Paragraf 33 des griechischen Gesetzes 4368/2016 garantiert Angehörigen „schutzbedürftiger gesellschaftlicher Gruppen“ wie anerkannten Flüchtlingen, Asylsuchenden und Minderjährigen unabhängig von ihrem Aufenthaltsstatus, also auch unbegleiteten Minderjährigen und Minderjährigen ohne legalen Aufenthaltsstatus, den freien Zugang zu medizinischen und pharmazeutischen Leistungen. Das Gesetz schreibt vor, dass Personen, die unter Paragraf 33 dieses Gesetzes fallen, über eine AMKA-Sozialversicherungsnummer verfügen müssen, um Zugang zu unentgeltlicher Gesundheitsversorgung zu erhalten. Seit 2016 sind Asylsuchende und andere Angehörige “schutzbedürftiger Gruppen”, welche die Erfordernisse für die AMKA nicht erfüllen oder aus anderen Gründen keine AMKA haben, berechtigt, eine Gesundheitskarte für Ausländer_innen (KYPA) zu erhalten, die ihnen freien Zugang zum öffentlichen Gesundheitssystem gibt. Diese Karte gibt es jedoch noch nicht.

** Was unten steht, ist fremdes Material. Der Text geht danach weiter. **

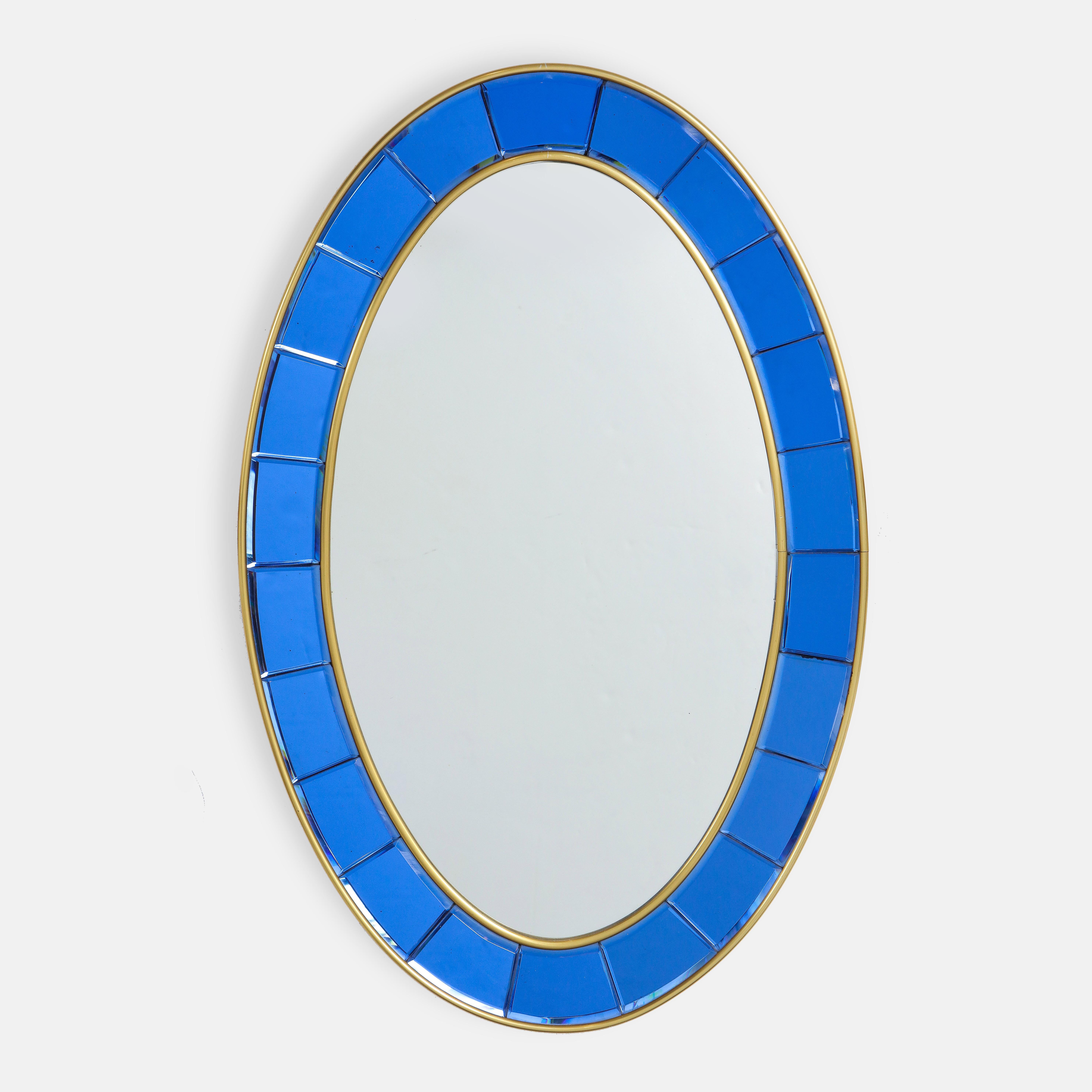 Cristal Art - Rare paire de miroirs ovales originaux et exquis, avec des pièces en cristal biseauté bleu cobalt taillé à la main, encadrées par des bordures en laiton doré et des miroirs sur un support en bois. Ces superbes miroirs sont fabriqués à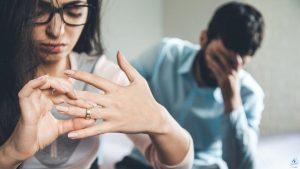 صديقة الطفولة "مأجراه"| هالة تطلب الطلاق بعد أسبوع زواج.. والسبب صادم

Amnesty International ist auf mehrere Fälle aufmerksam gemacht worden, bei denen sich Menschen in Athen und auf den Ägäisinseln solchen Zugangsbarrieren gegenübersahen. Nähere Informationen in englischer Sprache finden Sie hier: https://www.amnesty.org/en/documents/eur25/1213/2019/en/. Im September 2019 sprach Amnesty mit den Ärzt*innen von zwei HIV-positiven Asylsuchenden (ein Mann und eine Frau), die derzeit in einem großen Krankenhaus in Athen behandelt werden. Die Ärzt*innen berichteten, dass die beiden nach der Entlassung aus dem Krankenhaus keinen Zugang zu den antiretroviralen Medikamenten haben werden, da sie keine Sozialversicherungsnummer erhalten konnten. N*, eine dieser beiden HIV-positiven Asylsuchenden, stammt aus einem zentralafrikanischen Land und befindet sich seit Mai 2019 in diesem Krankenhaus, da es zu Komplikationen im Zusammenhang mit ihrer HIV-Infektion gekommen war und sie dort antiretrovirale und andere wichtige Medikamente erhält. N* hat Asyl beantragt, doch die AMKA wird ihr verweigert. Ihre Ärzt*innen haben erfolglos versucht, eine Unterkunft für sie zu finden und sind nun in Sorge, dass sie nach ihrer Entlassung aus dem Krankenhaus obdachlos sein und keinen Zugang zu antiretroviralen und anderen Medikamenten haben wird und ihr Zustand sich wieder verschlechtert. Sie ist auch nicht in der Lage, für Medikamente zu bezahlen.